A jornalista Bruna Oliveira colabora com a colunista Gisele Loeblein, titular deste espaço.
A percepção de que falta integração entre os elos da cadeia produtiva da carne, gerando enfraquecimento do setor, é unânime. Mas um primeiro passo para alinhar soluções foi dado ontem, em evento que reuniu os principais atores desse mercado de forma inédita, no 1º Fórum da Cadeia Produtiva da Carne Bovina do Rio Grande do Sul, em Porto Alegre. A falta de rentabilidade está entre os principais problemas citados desde a cabanha até o frigorífico e o varejo.
Representando os pecuaristas, os produtores João Ghaspar de Almeida e Fernando Costabeber falaram das adversidades de dentro da porteira, que passam dificuldades inerentes à sanidade animal, infraestrutura, ambiente e relações de mercado. Sobre este último ponto, Almeida frisou a necessidade de se traçar estratégias de produção direcionadas ao varejo, acompanhando as novas tendências de consumo e também o novo perfil de produtores.

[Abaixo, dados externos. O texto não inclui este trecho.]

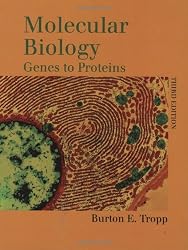 Molecular Biology: Genes to Proteins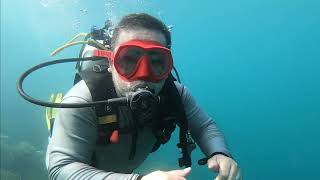 Diving at Raja Ampat Papua - Freddy Situmorang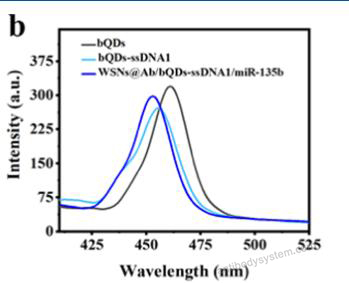Bioactivity for Anti-DNA-RNA Hybrid Antibody (S9.6) ?>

Fernando Costabeber acrescentou a importância de se valorizar a produção da carne gaúcha, usando como inspiração o exemplo do Uruguai. Costabeber fez uma comparação ao mercado competitivo do país vizinho, que tem rebanho semelhante ao do Rio Grande do Sul, mas que abate mais e tem produção e valor de exportação maiores. Dos 35 frigoríficos uruguaios, 19 são habilitados para exportar para a China, por exemplo, contra apenas um no RS.
Do lado da indústria, Ronei Lauxen, presidente do Sicadergs, chamou atenção para o número de empresas frigoríficas gaúchas em operação, que somam 226. O número alto, diz, é fomentado pelo próprio produtor, que busca diariamente novas alternativas. Ainda assim, 50% das plantas estão operando com ociosidade. Um dos motivos é a queda nos abates desde 2021, que leva a uma baixa acumulada de 25% nos últimos dois anos nos frigoríficos do Estado.

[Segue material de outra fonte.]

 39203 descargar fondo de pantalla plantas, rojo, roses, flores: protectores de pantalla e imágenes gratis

Para o dirigente, a falta de rentabilidade é um problema para a cadeia toda:
— Como vamos fechar essa conta? O produtor precisa mais, a indústria precisa mais, e o consumidor quer comprar por menos. Esse é o grande desafio que nós temos.
O elo final da cadeia, ou seja, o varejo, foi representado pelo presidente da Associação Gaúcha de Supermercados (Agas), Antonio Cesa Longo. O dirigente frisou que o setor continua valorizando a carne, sobretudo a gaúcha, pela qualidade reconhecida. O açougue representa, em média, 20% das vendas nos supermercados, com mais da metade para cortes bovinos. É a principal categoria visitada pelo consumidor, mesmo enfrentando oscilação durante o ano e migração entre as proteínas.
— Vocês têm o principal produtor do supermercado e o supermercado não pode ficar sem o produto de vocês — disse Longo.
Na avaliação do professor Júlio Barcellos do Núcleo de Estudos em Sistemas de Produção de Bovinos de Corte e Cadeia Produtiva (NESPro) da UFRGS, quem paga a conta é o consumidor. O que está em jogo, diz, é um novo conceito de negócio em carnes, focado em cadeia de valor. Uma estratégia híbrida, combinando mercado convencional, de preço competitivo, a um mercado especializado, com carne "gourmet", seria uma opção.